Depuis un an, le piano a surtout été pour le chef un moyen de rester en contact avec la musique, alors qu’il était submergé de travail administratif et de réunions sans avoir la « compensation » de faire de la musique avec l’OM.

« J’avais ce besoin presque physique d’aller jouer des notes », nous confie un Yannick Nézet-Séguin enjoué, mais toujours un peu serré dans le temps, joint au téléphone jeudi entre deux répétitions à la Maison symphonique.

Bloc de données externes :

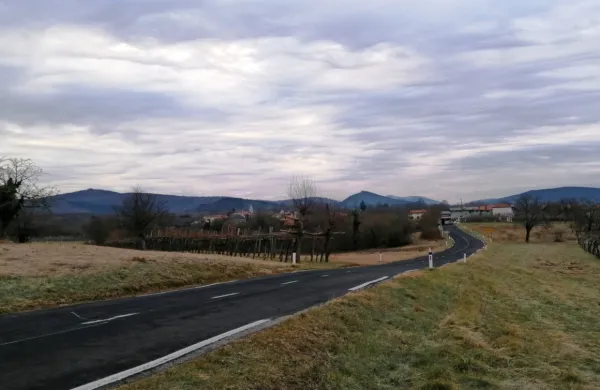 Cesta med Štorjami in Štanjelom je preozka za vedno večje število 
tovornjakov.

Celui qui a suivi une formation de pianiste au Conservatoire de musique de Montréal caressait depuis longtemps l’idée de retourner à son instrument, mais « les horaires, les avions, la pression » le détournaient toujours de son objectif. Cette fois, il n’a pas laissé passer sa chance et a décidé de profiter de sa « forme retrouvée », après avoir offert quelques concerts l’été dernier, pour enfin réaliser son rêve de jouer avec l’OM.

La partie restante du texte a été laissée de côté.